_Collected data_:
- - - - - - -

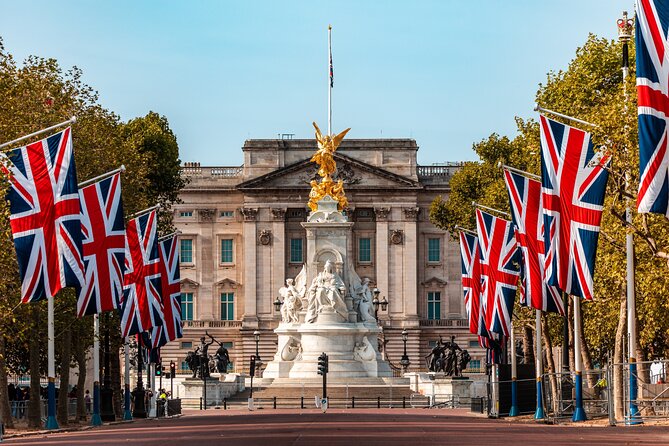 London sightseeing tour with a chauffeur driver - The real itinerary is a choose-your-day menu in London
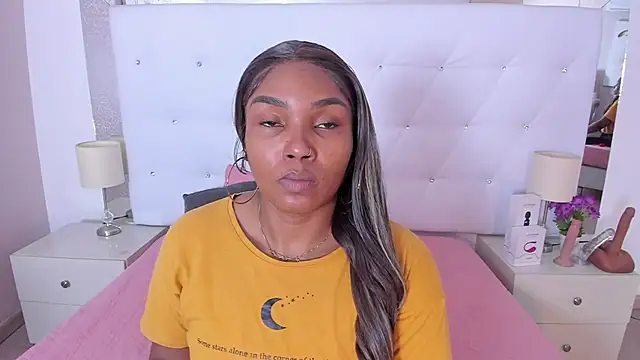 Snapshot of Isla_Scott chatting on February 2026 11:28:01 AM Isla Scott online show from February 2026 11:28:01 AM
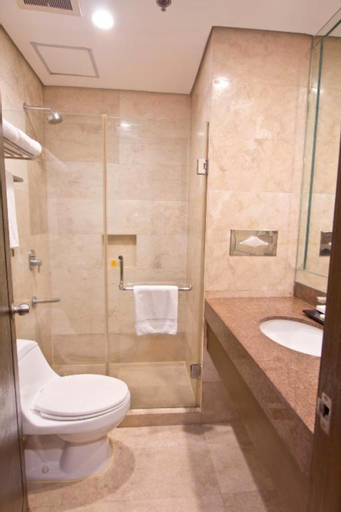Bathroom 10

- - - - - - -

_What you should do_:
All of the material must be repeated exactly in the answer, apart from the pictures.

_Written solution_:
 London sightseeing tour with a chauffeur driver - The real itinerary is a choose-your-day menu in London
 Snapshot of Isla_Scott chatting on February 2026 11:28:01 AM Isla Scott online show from February 2026 11:28:01 AM
Bathroom 10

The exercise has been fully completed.